PROBLEM REQUIREMENTS: For every record beneath this instruction, give an exact repetition, omitting images.

RECORDS FOR THE EXERCISE:
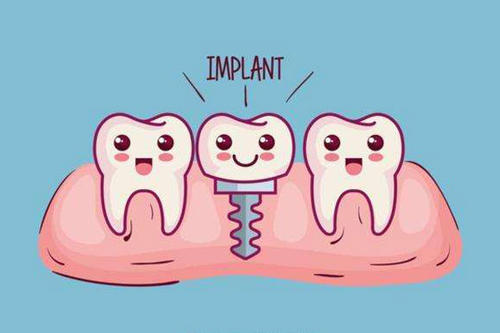 種植牙齒的壽命有多長(zhǎng) 種植牙齒多久能恢復(fù)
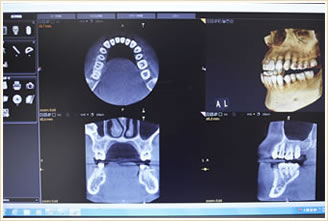 歯科用　３DCT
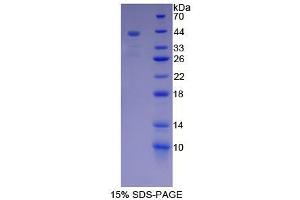 SDS-PAGE analysis of Rat Mucin 5B Protein. (MUC5B 蛋白)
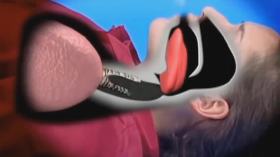 كيفية إنقاذ شخص بلع لسانه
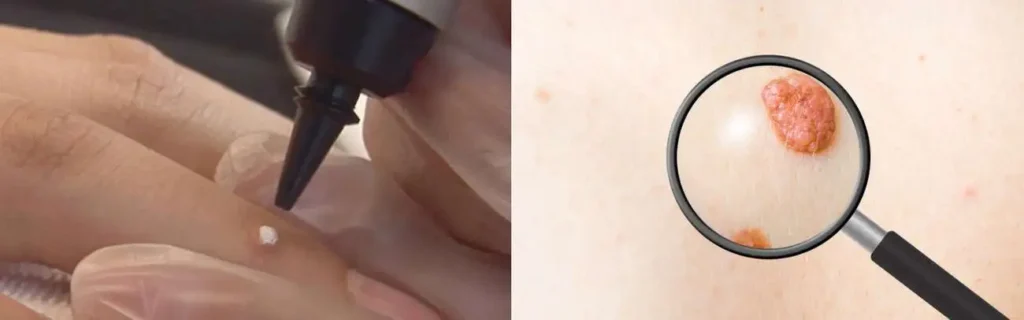 Cryopen for mole removal Scunthorpe - speak to our team today!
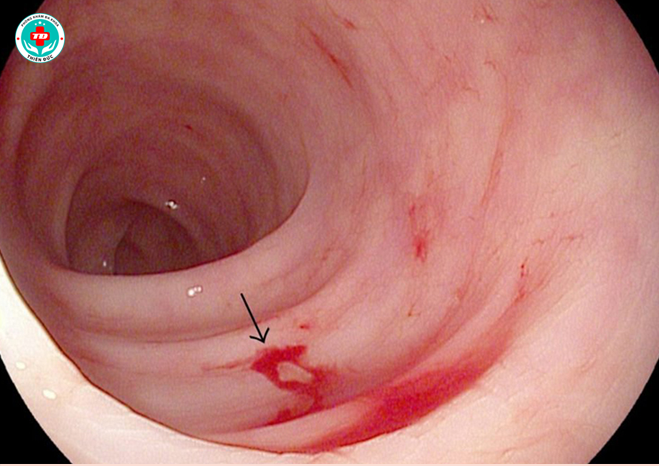 xuất huyết dạ dày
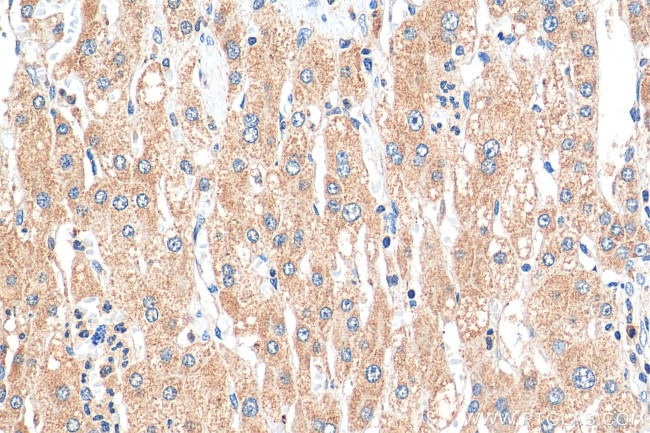 p38 MAPK Antibody in Immunohistochemistry (Paraffin) (IHC (P))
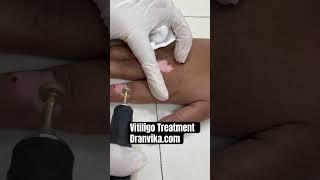 Vitiligo Treatment at DA Dermatology Clinic ! #vitiligo #vitiligoawareness #vitiligocure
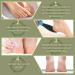 Double Sided Foot File Pedicure Foot Care Repair Tool Reusable Foot Scraper Hard Skin Remover Calluses Dead Skin Remover for Feet Foot Rasp File Foot Scrubber for Peel Wet Dry Cracked Feet Heel (Blue) - Buy Online on GoSupps.com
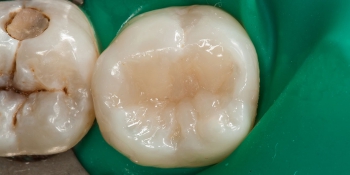 Выпадение старой пломбы из коренного зуба фото после лечения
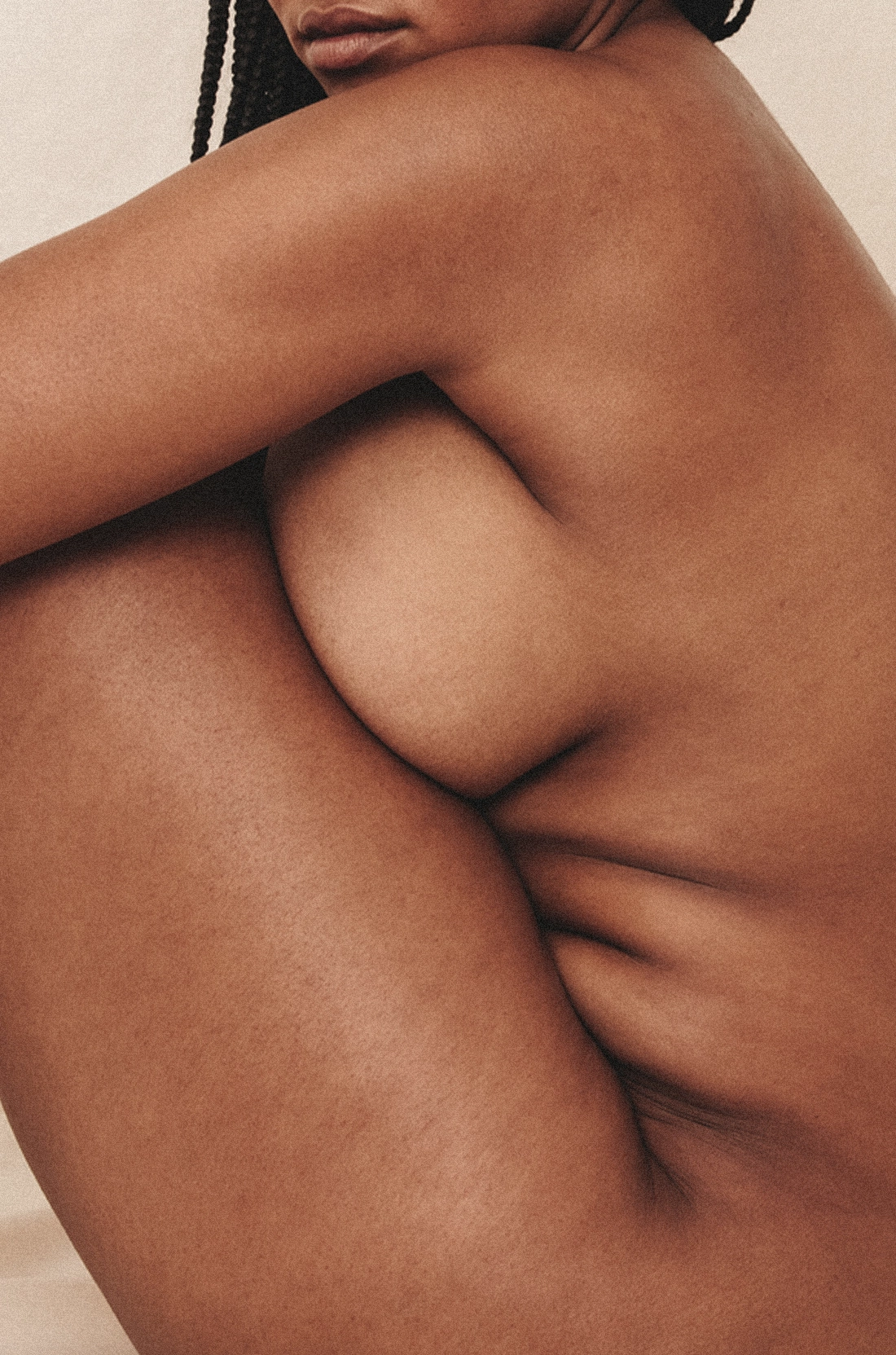 Dr Thomas de Laâge de Meux – Illustration de la réduction mammaire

ANSWER TO THIS PROBLEM:
 種植牙齒的壽命有多長(zhǎng) 種植牙齒多久能恢復(fù)
 歯科用　３DCT
 SDS-PAGE analysis of Rat Mucin 5B Protein. (MUC5B 蛋白)
 كيفية إنقاذ شخص بلع لسانه
 Cryopen for mole removal Scunthorpe - speak to our team today!
 xuất huyết dạ dày
 p38 MAPK Antibody in Immunohistochemistry (Paraffin) (IHC (P))
 Vitiligo Treatment at DA Dermatology Clinic ! #vitiligo #vitiligoawareness #vitiligocure
 Double Sided Foot File Pedicure Foot Care Repair Tool Reusable Foot Scraper Hard Skin Remover Calluses Dead Skin Remover for Feet Foot Rasp File Foot Scrubber for Peel Wet Dry Cracked Feet Heel (Blue) - Buy Online on GoSupps.com
 Выпадение старой пломбы из коренного зуба фото после лечения
 Dr Thomas de Laâge de Meux – Illustration de la réduction mammaire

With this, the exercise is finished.